The incidence of POV in the tropisetron group was lower than that in the droperidol group (n = 2, RR: 0.400; 95% CI 0.260–0.614; I2 = 0.00; Pchi2 = 0.864; τ = 0.00; NNTB: 4; 95% CI NNTB 3 to NNTB 9) (Supplementary Figure S15, Table 3) [37,46]. However, no statistically significant difference was observed between tropisetron and metoclopramide (n = 1, RR: 1.833; 95% CI 0.751–4.478; NNTH: 8; 95% CI NNTH 3 to ∞ to NNTB 19) (Supplementary Figure S16, Table 3) [29], ondansetron (n = 6, RR: 0.940; 95% CI 0.649–1.361; I2 = 25.32; Pchi2 = 0.244; τ = 0.233, 95% PI 0.611–1.636; NNTB: 2405; 95% CI NNTH 17 to ∞ to NNTB 16) (Supplementary Figure S17, Table 3) [31,42,47,48,49,50], ondansetron when including studies comparing tropisetron combined with droperidol to ondansetron combined with droperidol [39] (n = 7, RR: 0.989; 95% CI 0.742–1.319; I2 = 10.40; Pchi2 = 0.350; τ = 0.138, 95% PI 0.136–7.166; NNTH: 161; 95% CI NNTH 20 to ∞ to NNTB 26) (Supplementary Figure S18, Table 3) [31,39,42,47,48,49,50], dexamethasone (n = 3, RR: 1.286; 95% CI 0.803–2.058; I2 = 16.30; Pchi2 = 0.303; τ = 0.173, 95% PI 0.776–2.13; NNTH: 18; 95% CI NNTH 7 to ∞ to NNTB 30) (Supplementary Figure S19, Table 3) [35,51,54], granisetron (n = 2, RR: 1.594; 95% CI 0.757–3.358; I2 = 0.00; Pchi2 = 0.910; τ = 0.00; NNTH: 29; 95% CI NNTH 11 to ∞ to NNTB 45) (Supplementary Figure S20, Table 3) [42,47], and granisetron when including studies comparing tropisetron combined with droperidol to granisetron combined with droperidol [55] (n = 3, RR: 1.404; 95% CI 0.830–2.376; I2 = 0.00; Pchi2 = 0.0.889; τ = 0.00; NNTB: 3; 95% CI NNTB 2 to NNTB 6) (Supplementary Figure S21, Table 3) [42,47,55].
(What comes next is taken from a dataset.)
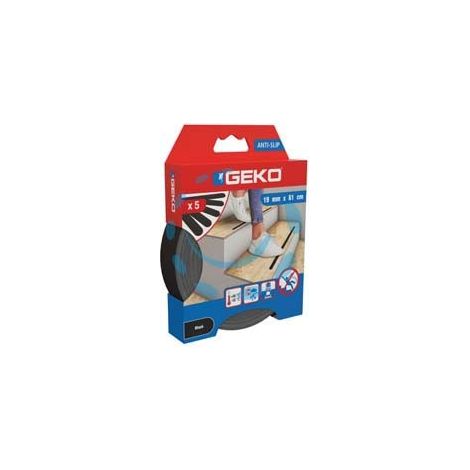 NASTRO ADESIVO ANTISCIVOLO ANTISDRUCCIOLO NERO IN STRISCE - mm.19h. strisce da cm.60 in conf. pz.5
TSA indicated that only 19.8% (1120 of 5659 patients), 24.4% (1208 of 4955 patients), 8.1% (332 of 4120 patients), 26.5% (217 of 818 patients), 6.8% (338 of 4955 patients), and 6.1% (423 of 6880 patients) of the RIS was accrued for comparing the incidence of POV between tropisetron and ondansetron (Supplementary Figure S22, Table 3) [31,42,47,48,49,50], ondansetron when including studies comparing tropisetron combined with droperidol to ondansetron combined with droperidol [39] (Supplementary Figure S23, Table 3) [31,39,42,47,48,49,50], dexamethasone (Supplementary Figure S24, Table 3) [35,51,54], droperidol (Supplementary Figure S25, Table 3) [37,46], granisetron (Supplementary Figure S26, Table 3) [42,47], and granisetron when including studies comparing tropisetron combined with droperidol to granisetron combined with droperidol [55] (Supplementary Figure S27, Table 3) [42,47,55], respectively.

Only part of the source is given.